I’ve seen whole relationships built on the ability to pass these tests. It’s a shaky foundation at best. I talk to women in abusive relationships that stay with their boyfriends because 3 years ago when they were having a meltdown, their boyfriend left work to buy them a bottle of wine and chocolate (hence passing the test and proving their love).
I’ve met people in 10 year long relationships exhausted from jumping through hoops and having to prove their loyalty over and over, under constant suspicion that they’re cheating or that they loved their ex more than their partner. They don’t leave because they’re giving the same tests. They’ve invested too much time to turn back.
My drama is not your drama
These tests are triggered by our own past trauma. For me, this trigger happens at exactly the 6 month mark. That’s when I start to feel too vulnerable. Too comfortable. I start to doubt my relationship and whether my bf is with me for the right reasons. I start to question his relationships with his exes. That’s my first test. That’s because my first 3 boyfriends bailed on me at about 6 months for their ex. That’s my trauma/drama.I build rules and conditions based on the exact story that I tell myself about why those men failed me. Those rules test that my new partner isn’t anything like those other shitty guys.
I can see that’s my MO now. I do everything I can to avoid being a shitty partner at 6 months. It blows over quickly. There is no way for my partner to know that is my history and my story. It’s different for everyone.
We run our partners through the tests based on our old stories and our biggest fears. Unfortunately, that’s completely different for everyone you meet, and there’s no way to know what a person’s story is. So the expectation that your partner will be able to see the test and pass it successfully completely depends on their ability to guess and dodge bullets.

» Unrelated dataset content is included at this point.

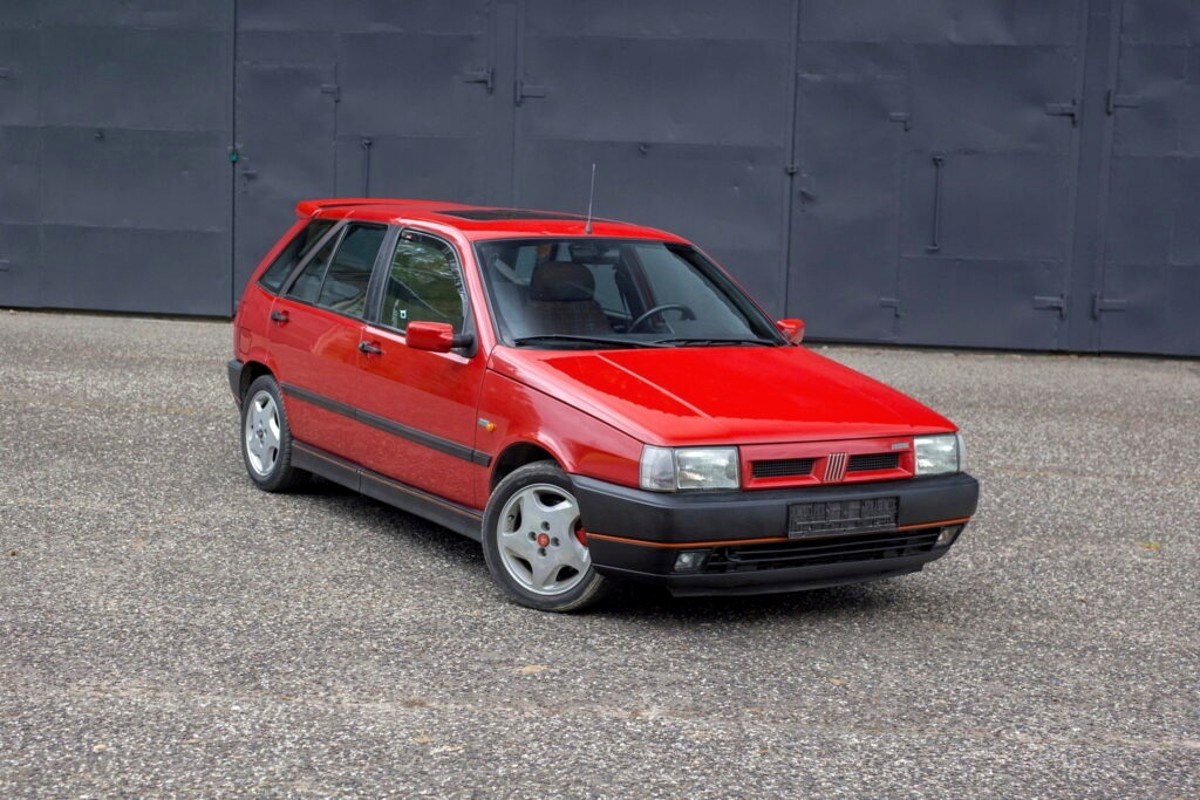 Bio je talijanski odgovor na Golf GTI, biste li ga kupili?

To be clear, there is no correlation between your partners ability to guess your trauma and their ability to love and respect you.

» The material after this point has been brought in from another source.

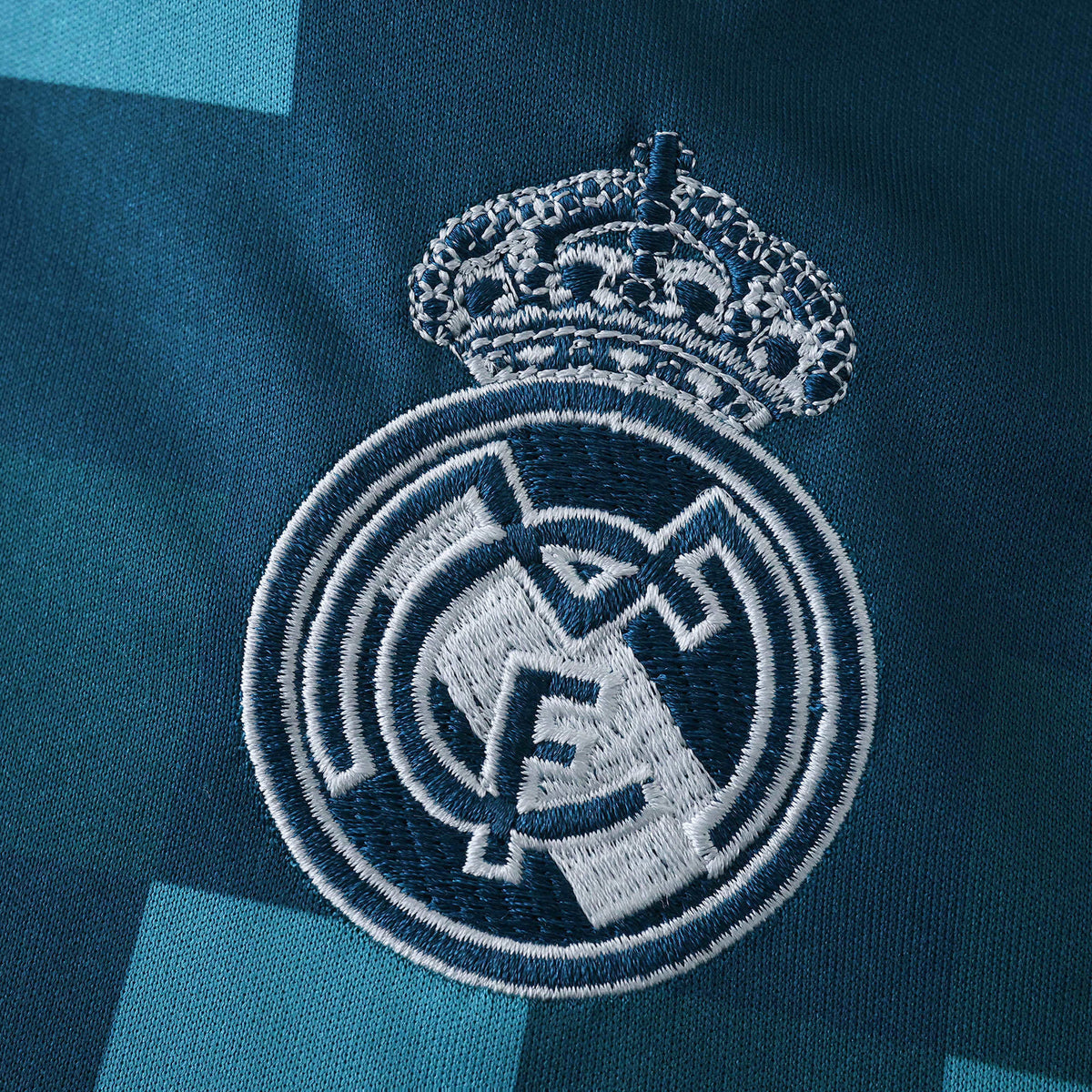 Camisa Real Madrid 2017/18 III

Testing people throws off the balance.
There is nothing more humiliating than failing a test you didn’t know you were taking. Even if a partner passes the test (thanks to sheer luck) they feel disrespected and suspect. They realize that you don’t trust them. They might start to doubt you in ways they didn’t before. It’s the start of an unhealthy cycle.

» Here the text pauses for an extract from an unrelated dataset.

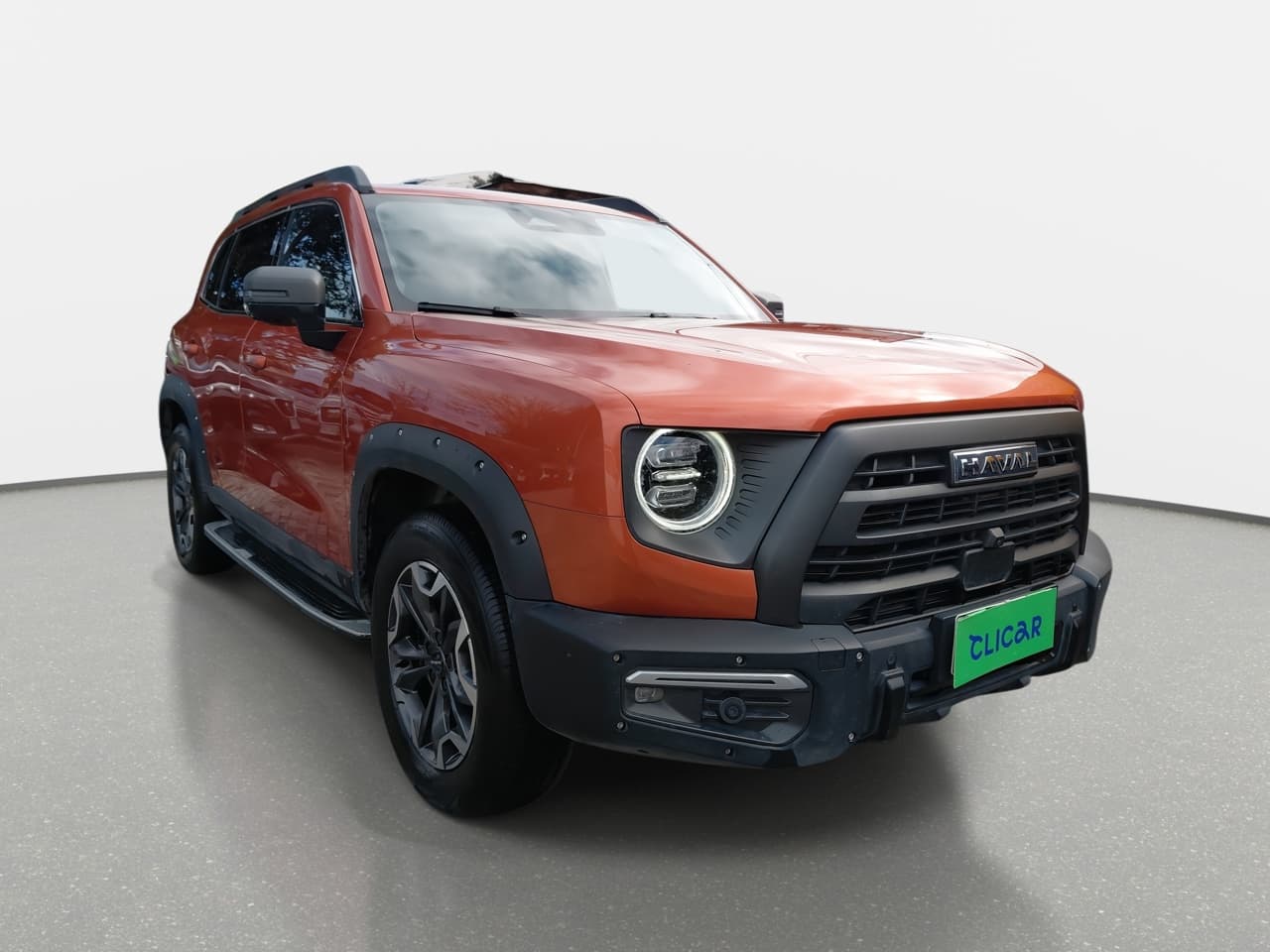 Suv Haval Dargo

It can cause an imbalance in the relationship when one person is constantly proving their affection. It’s easy to get used to the easy on-demand attention you get when someone is being tested. Having a man prove his love over and over must feel powerful in a way that is sure to crush a person’s soul. Not exactly the relationship that I would want for you!
Insecurity is not sexy
The simple fact is, testing your partner comes from a deeply rooted insecurity. Maybe you don’t feel like you are worthy of love from your partner (or anyone). Maybe you feel like you aren’t smart enough, or experienced enough, or gorgeous enough for a great relationship. So you need someone to show you that you are smart, you are experienced, you are gorgeous.
The problem is – no person can say or do anything to fully convince you.
You don’t need them to prove their love – you need YOU to prove your love.
Building your self-worth and trust in yourself starts with creating rules, but not for other people. You need to make rules and conditions for yourself. To make sure you are honoring yourself, your body and your emotional self.